Es war eine fürchterliche Nacht. Der Sturm will sich nicht legen. Inmitten des Tobens und Brausens unablässiges Donnergeroll. Unsere Ohren sind wund. Unmöglich ist’s, ein Wort mit einander zu reden.

Unaufhörliche Blitze. Ich sehe rückwärtsgehende Zickzackstrahlen, die, von oben geschleudert, wieder rückwärts wider das Granitgewölbe schlagen. Wenn es zusammenbräche! Andere Blitze spalten sich oder nehmen die Gestalt von Feuerkugeln an, die wie Bomben zerplatzen. Das allgemeine Getöse scheint nicht zuzunehmen; es hat den Höhepunkt erreicht, welchen das menschliche Ohr fassen kann. Unablässig ist die Strömung des Lichts aus der Oberfläche der Wolken, der elektrische Stoff entladet sich unaufhörlich; unzählige Wassersäulen thürmen sich in der Atmosphäre und sinken schäumend wieder zurück.

Wohin treiben wir? … Mein Oheim liegt der Länge nach am Ende des Flosses.

Verdoppelte Wärme. Ich sehe auf das Thermometer; es zeigt … (die Ziffer ist ausgelöscht).

Montag, 24. August. – Das nimmt kein Ende! Warum sollte der Zustand dieser dichten Atmosphäre, wenn er einmal sich ändert, nicht ein definitiver werden.

Wir sind von Strapazen erschöpft. Hans, wie gewöhnlich. Das Floß läuft unverändert südöstlich. Wir haben vom Inselchen Axel aus über zweihundert Meilen zurückgelegt.

Zu Mittag verdoppelt sich die Gewalt des Sturmes. Man ist genöthigt, alle Gegenstände der Ladung festzubinden. Jeder von uns bindet sich ebenfalls an. Die Wellen gehen uns über den Kopf.

Seit drei Tagen ist’s nicht möglich, ein Wort mit einander zu reden. Wir öffnen den Mund, bewegen die Lippen, ein verständlicher Ton kommt nicht zum Vorschein. Selbst wenn man sich in’s Ohr spricht, kann man sich nicht verstehen.

Mein Oheim nähert sich mir, artikulirt einige Worte.
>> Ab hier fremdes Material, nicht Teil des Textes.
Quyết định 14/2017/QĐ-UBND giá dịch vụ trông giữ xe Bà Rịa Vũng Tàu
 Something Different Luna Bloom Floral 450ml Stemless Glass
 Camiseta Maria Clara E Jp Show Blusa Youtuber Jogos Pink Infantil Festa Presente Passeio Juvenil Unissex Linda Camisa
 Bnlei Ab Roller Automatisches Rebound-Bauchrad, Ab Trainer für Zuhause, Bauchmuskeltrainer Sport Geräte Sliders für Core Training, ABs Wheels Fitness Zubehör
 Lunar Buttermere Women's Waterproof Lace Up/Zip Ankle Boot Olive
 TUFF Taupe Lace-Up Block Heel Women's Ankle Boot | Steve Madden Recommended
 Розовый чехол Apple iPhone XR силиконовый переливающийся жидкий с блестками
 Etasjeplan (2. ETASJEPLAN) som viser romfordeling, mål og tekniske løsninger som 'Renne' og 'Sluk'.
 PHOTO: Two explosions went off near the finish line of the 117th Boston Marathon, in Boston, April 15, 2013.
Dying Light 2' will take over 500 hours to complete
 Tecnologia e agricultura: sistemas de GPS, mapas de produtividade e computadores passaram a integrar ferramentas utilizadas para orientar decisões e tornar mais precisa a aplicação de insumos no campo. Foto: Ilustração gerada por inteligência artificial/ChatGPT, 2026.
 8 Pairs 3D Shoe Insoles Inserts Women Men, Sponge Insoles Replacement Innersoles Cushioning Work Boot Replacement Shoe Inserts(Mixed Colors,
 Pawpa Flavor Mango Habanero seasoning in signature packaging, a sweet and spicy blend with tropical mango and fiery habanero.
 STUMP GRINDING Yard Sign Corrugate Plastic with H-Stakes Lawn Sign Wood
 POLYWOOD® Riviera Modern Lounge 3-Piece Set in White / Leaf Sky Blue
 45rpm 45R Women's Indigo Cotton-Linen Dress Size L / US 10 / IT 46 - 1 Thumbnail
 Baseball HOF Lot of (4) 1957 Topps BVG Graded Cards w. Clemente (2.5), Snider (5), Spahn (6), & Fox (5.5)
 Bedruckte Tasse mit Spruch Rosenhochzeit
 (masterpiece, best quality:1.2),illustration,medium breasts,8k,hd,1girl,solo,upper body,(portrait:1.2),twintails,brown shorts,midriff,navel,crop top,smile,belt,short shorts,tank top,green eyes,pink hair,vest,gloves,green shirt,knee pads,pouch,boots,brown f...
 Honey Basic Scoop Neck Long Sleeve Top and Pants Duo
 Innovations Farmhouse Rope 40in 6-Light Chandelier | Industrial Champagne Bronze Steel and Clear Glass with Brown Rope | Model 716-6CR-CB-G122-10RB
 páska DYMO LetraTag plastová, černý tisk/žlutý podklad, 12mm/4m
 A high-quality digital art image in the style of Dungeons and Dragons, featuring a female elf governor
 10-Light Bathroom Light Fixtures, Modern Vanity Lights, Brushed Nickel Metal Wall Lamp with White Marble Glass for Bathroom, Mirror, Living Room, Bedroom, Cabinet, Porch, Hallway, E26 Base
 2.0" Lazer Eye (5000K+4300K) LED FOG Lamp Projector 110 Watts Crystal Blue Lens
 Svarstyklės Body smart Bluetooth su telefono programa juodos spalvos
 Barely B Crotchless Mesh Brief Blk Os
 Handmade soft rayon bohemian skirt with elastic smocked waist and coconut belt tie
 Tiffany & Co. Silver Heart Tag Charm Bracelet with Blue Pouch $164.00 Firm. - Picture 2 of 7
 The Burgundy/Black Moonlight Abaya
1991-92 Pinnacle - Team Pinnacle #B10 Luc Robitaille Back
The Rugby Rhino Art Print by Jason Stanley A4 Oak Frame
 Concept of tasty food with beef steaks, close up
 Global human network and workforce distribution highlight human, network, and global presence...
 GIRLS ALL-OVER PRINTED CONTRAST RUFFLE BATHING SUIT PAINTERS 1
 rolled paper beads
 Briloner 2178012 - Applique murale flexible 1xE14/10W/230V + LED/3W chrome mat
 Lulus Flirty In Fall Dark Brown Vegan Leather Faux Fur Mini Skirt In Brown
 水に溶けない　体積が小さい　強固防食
Ich glaube, er sagte: »Wir sind verloren«. Doch weiß ich’s nicht gewiß.

Ich schreibe ihm die Worte auf: »Weg mit unserm Segel!«

Er giebt durch ein Zeichen seine Zustimmung.

Auf einmal fällt eine feurige Kugel auf das Floß. Mast und Segel sind augenblicklich entfernt und flattern hoch in den Lüften, wie ein urweltlicher Vogel.

Wir sind starr vor Schrecken. Die Kugel, halb weiß, halb lazurblau, von der Größe einer sechszölligen Bombe, rollt langsam, hier und dorthin, springt auf den Lebensmittelsack, gleitet langsam wieder herunter, hüpft, streift an die Pulverkiste. Grauenhaft! Wir alle in die Luft springen! Nein. Die schreckliche Kugel entfernt sich, nähert sich Hans, der sie fest anstarrt; meinem Oheim, der, um auszuweichen, auf die Kniee fällt; mir, der todtenblaß zurückschaudert vor dem Glanz und der Hitze; sie kreiselt neben meinem Fuß, den ich zurückziehen will, was aber nicht möglich ist.

Ein Geruch von Salpetergas füllt die Luft, dringt in die Kehle, die Lungen – zum Ersticken.

Weshalb kann ich meinen Fuß nicht zurückziehen? Die elektrische Kugel hat alles Eisen an Bord magnetisirt; die Instrumente, Geräthe, Waffen gerathen in Bewegung und stoßen mit hellem Klang an einander; die Nägel an meinen Schuhen hängen fest an einer Eisenplatte, die in Holz eingelassen ist. Darum kann ich meinen Fuß nicht wegziehen! Endlich gelingt mir’s mit höchster Anstrengung, als eben die Kugel in ihrer Kreisbewegung ihn erreichen will …

Da zerspringt sie mit hellem Lichtglanz; wir sind mit Flammenströmen übergossen! Darauf erlischt Alles. Ich hatte eben nur Zeit, meinen Oheim auf dem Floß hingestreckt zu sehen, und Hans, getreulich an seinem Steuer, »Feuer speiend«, da er von Elektricität durchdrungen ist!

Wohin fahren wir? Wohin?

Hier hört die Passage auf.